According to the Unicodeblock method, the Chinese punctuation mark public
    boolean ischinesepunctuation (char c) {
        Character.unicodeblock UB = Character.UnicodeBlock.of (c);
        if (UB = = Character.UnicodeBlock.GENERAL_PUNCTUATION
                | | ub = = Character.UnicodeBlock.CJK_SYMBOLS_AND_PUNCTUATION | |
                | ub = = Character.UnicodeBlock.HALFWIDTH_AND_FULLWIDTH_FORMS
                | | UB = = Character.UnicodeBlock.CJK_COMPATIBILITY_FORMS
                | | | ub = = Character.UnicodeBlock.VERTICAL_FORMS) {
            return true;
        } else {return
            false;
        }
    }

Method Two, judge by character range

Static Boolean Issymbol (char ch) {if (Iscnsymbol (CH)) return true;  
          
        if (Isensymbol (CH)) return true;  
        if (0x2010 <= ch && ch <= 0x2017) return true;   
        if (0x2020 <= ch && ch <= 0x2027) return true;   
        if (0x2b00 <= ch && ch <= 0x2bff) return true;   
        if (0xff03 <= ch && ch <= 0xff06) return true;  
        if (0xff08 <= ch && ch <= 0xff0b) return true;  
        if (ch = = 0XFF0D | | ch = = 0xff0f) return true;  
        if (0xff1c <= ch && ch <= 0xff1e) return true;  
        if (ch = = 0xff20 | | ch = = 0XFF65) return true;  
        if (0xff3b <= ch && ch <= 0xff40) return true;  
        if (0xff5b <= ch && ch <= 0xff60) return true;  
        if (ch = = 0XFF62 | | ch = = 0XFF63) return true;  
        if (ch = = 0x0020 | | ch = = 0x3000) return true;  
  
    return false; Static Boolean Iscnsymbol (char ch) { 
          if (0x3004 <= ch && ch <= 0x301c) return true;  
          if (0x3020 <= ch && ch <= 0x303f) return true;  
    return false;  
          Static Boolean Isensymbol (char ch) {if (ch = = 0x40) return true;  
          if (ch = = 0x2d | | ch = = 0x2f) return true;  
          if (0x23 <= ch && ch <= 0x26) return true;          
          if (0x28 <= ch && ch <= 0x2b) return true;          
          if (0x3c <= ch && ch <= 0x3e) return true;  
          if (0x5b <= ch && ch <= 0x60) return true;  
  
          if (0x7b <= ch && ch <= 0x7E) return true;  
        return false;  
          Static Boolean ispunctuation (char ch) {if (Iscjkpunc (CH)) return true;  
            
          if (Isenpunc (CH)) return true;     
          if (0x2018 <= ch && ch <= 0x201f) return true; if (ch = = 0XFF01 | | ch = = 0XFF02) retUrn true;         
          if (ch = = 0xff07 | | ch = = 0XFF0C) return true;  
          if (ch = = 0XFF1A | | ch = = 0XFF1B) return true;   
          if (ch = = 0XFF1F | | ch = = 0XFF61) return true;  
          if (ch = = 0xff0e) return true;   
  
          if (ch = = 0xff65) return true;  
        return false;  
      Static Boolean Isenpunc (char ch) {if (0x21 <= ch && ch <= 0x22) return true;  
      if (ch = = 0X27 | | ch = = 0x2c) return true;  
      if (ch = = 0X2E | | ch = = 0X3A) return true;  
  
      if (ch = = 0X3B | | ch = = 0x3F) return true;  
    return false;  
          Static Boolean Iscjkpunc (char ch) {if (0x3001 <= ch && ch <= 0x3003) return true;  
  
          if (0x301d <= ch && ch <= 0x301f) return true;  
        return false;   }
method Three, the custom Punctuation mark Collection, examines (slightly)
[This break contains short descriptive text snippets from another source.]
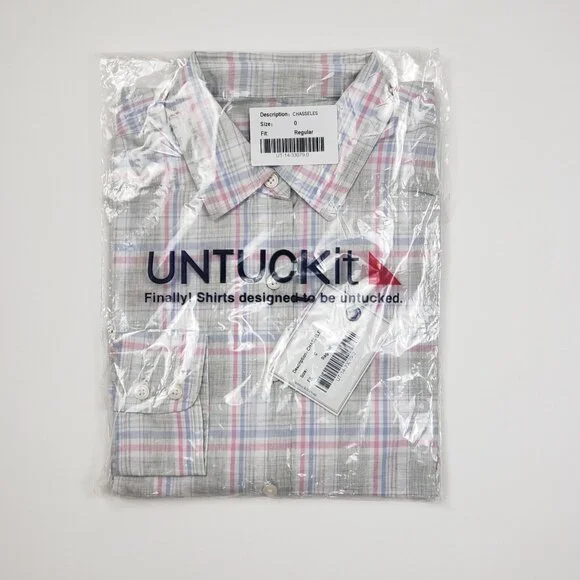 UNTUCKit Chasseles Cotton LS Shirt Lt Blue Green Pink Plaid Womens 0 Regular Fit - Picture 10 of 16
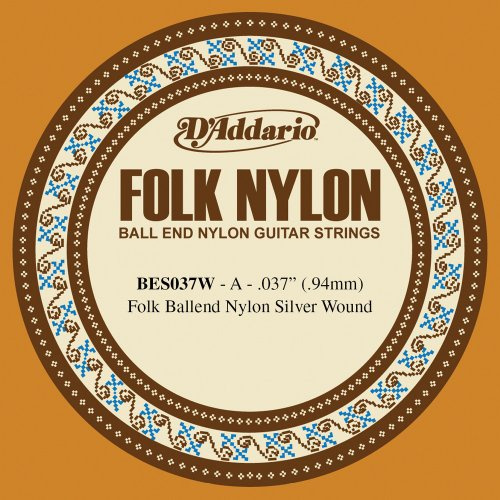 D'Addario BES037W Einzelsaite Classical/Folk Guitar 80/20 Bronze 037W Ball End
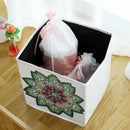 DIY Diamond Painting Flower Folding Storage Box Desktop Sundries Organizer
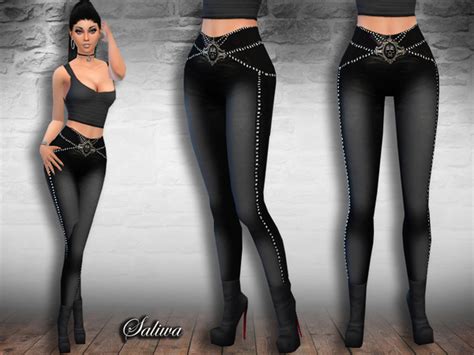 The Sims Resource Rock Queen Leather Pants By Saliwa Sims 4 Downloads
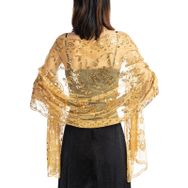 Gibz Vintage Stola Wrap Altın Parıltılı Payetli Kadın Şal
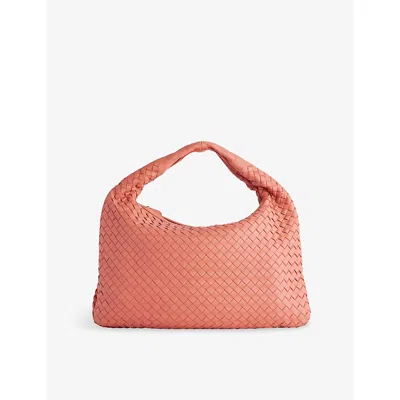 Reselfridges Womens  Bottega Veneta Intrecciato Hobo Leather Tote Bag In Orange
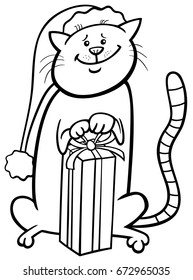 Black and White Cartoon Vector Illustration of Cat or Kitten Animal Character with Christmas Present Coloring Book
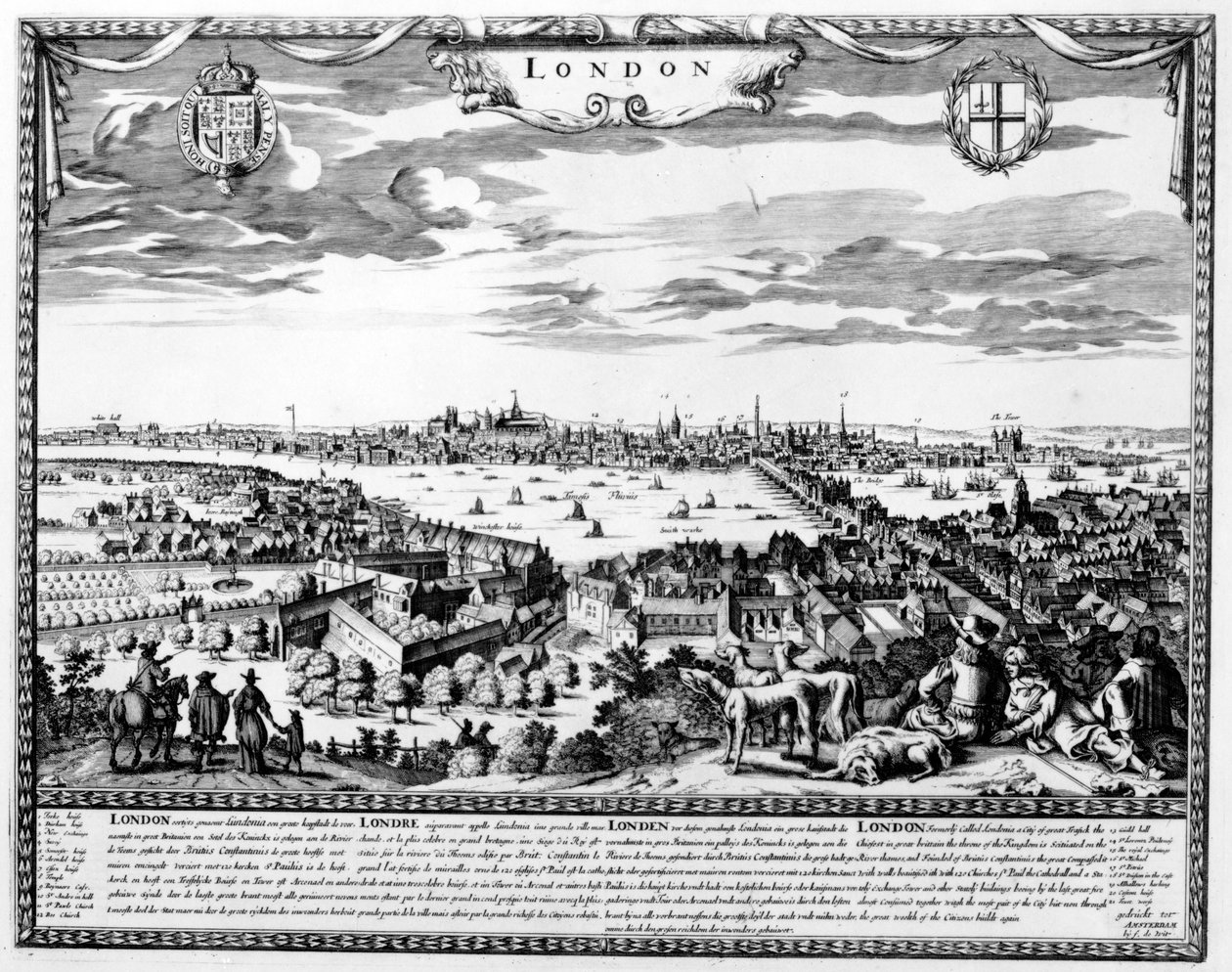 Widok na Londyn, ok.1700 autorstwa Pieter Hendricksz Schut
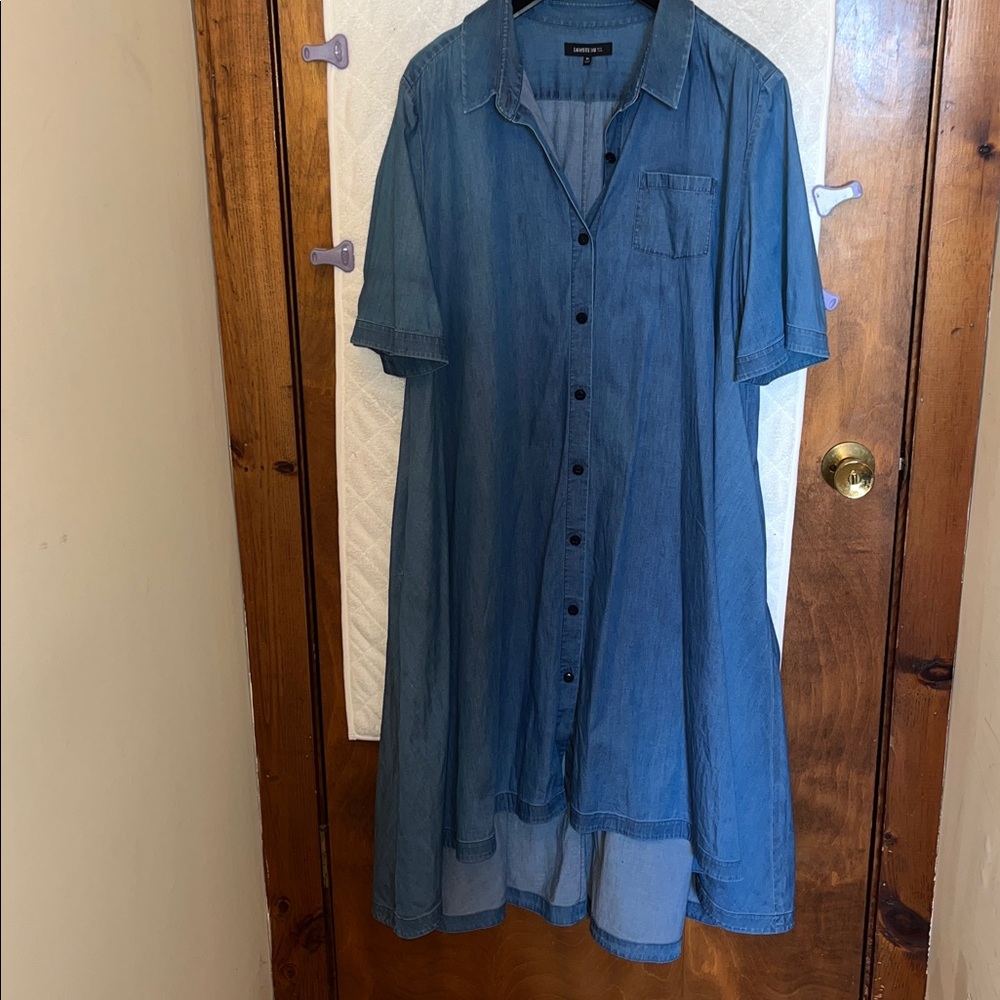 Lafayette 148 New York Blue Shirt Dress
Reference: http://bbs.csdn.net/topics/390812840

Contact Us

The content source of this page is from Internet, which doesn't represent Alibaba Cloud's opinion; products and services mentioned on that page don't have any relationship with Alibaba Cloud. If the content of the page makes you feel confusing, please write us an email, we will handle the problem within 5 days after receiving your email.
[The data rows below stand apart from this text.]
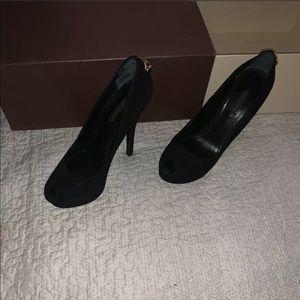 LOUIS VUITTON black Suede Oh Really Peep Size 37.5
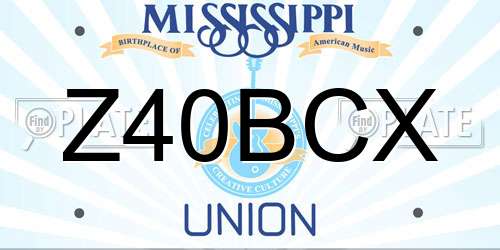 Z40BCX Mississippi License Plate
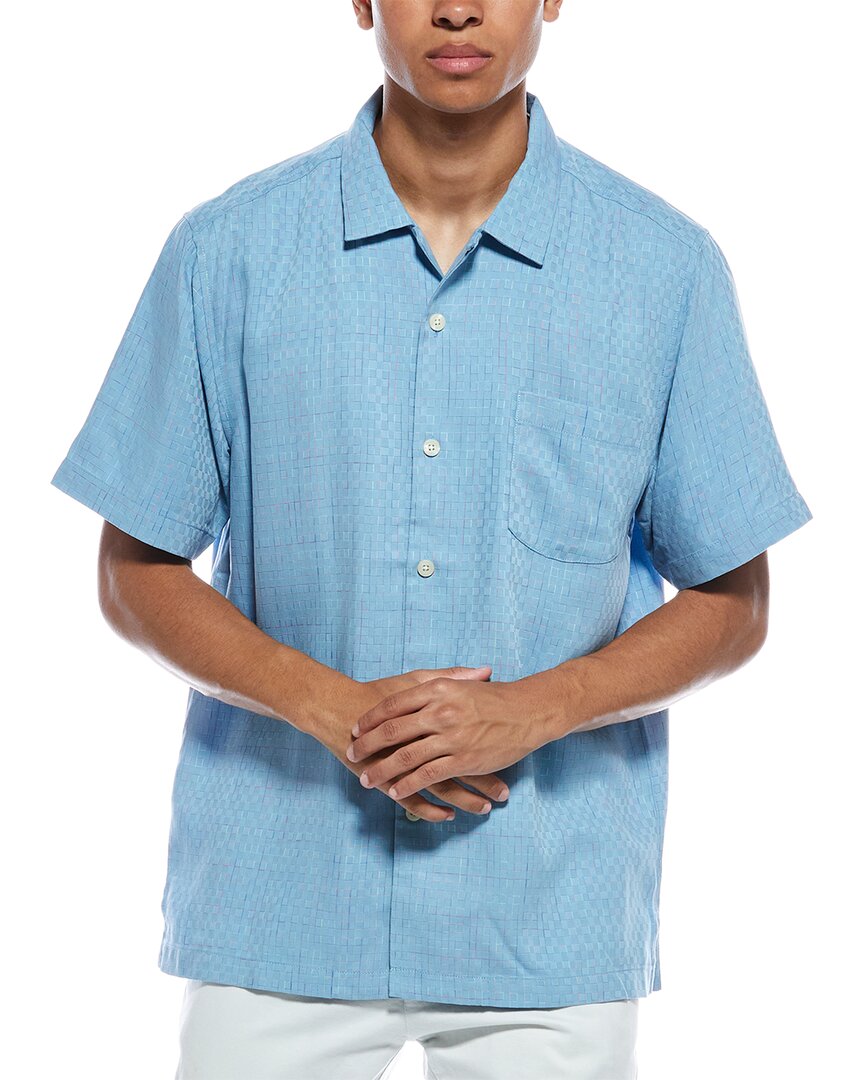 Tommy Bahama Coconut Point Prismatic Check Camp Shirt In Blue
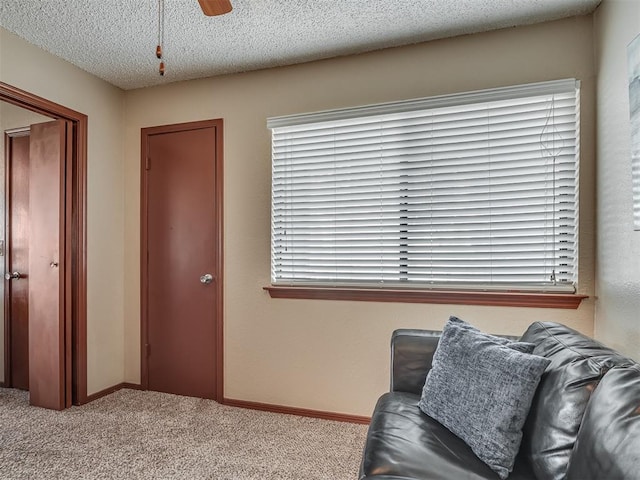 living area with carpet, ceiling fan, and a textured ceiling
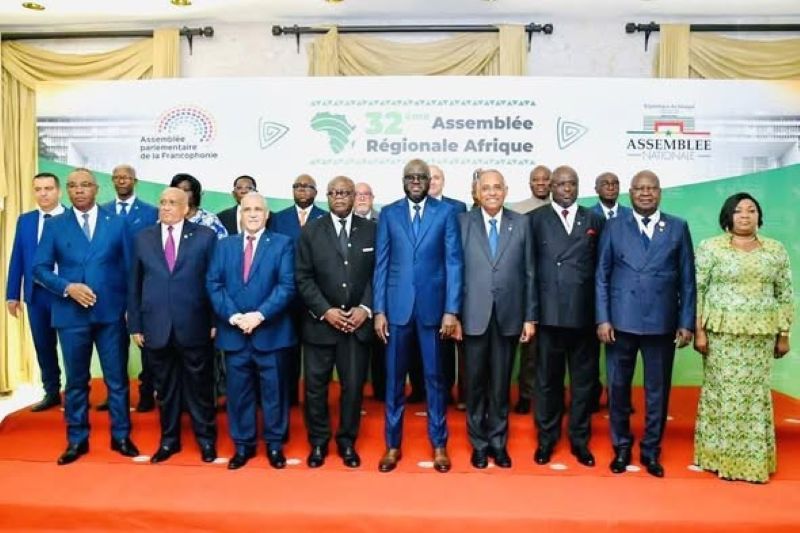 Parliamentarians including Michel Régis Onanga M. Ndiaye gather in Dakar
If you find any instances of plagiarism from the community, please send an email to: info-contact@alibabacloud.com and provide relevant evidence. A staff member will contact you within 5 working days.
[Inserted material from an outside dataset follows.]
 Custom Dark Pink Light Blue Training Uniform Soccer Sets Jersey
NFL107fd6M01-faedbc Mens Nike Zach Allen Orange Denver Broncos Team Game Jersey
A Free Trial That Lets You Build Big!

Start building with 50+ products and up to 12 months usage for Elastic Compute Service

  • Sales Support

    1 on 1 presale consultation

  • After-Sales Support

    24/7 Technical Support 6 Free Tickets per Quarter Faster Response

  • Alibaba Cloud offers highly flexible support services tailored to meet your exact needs.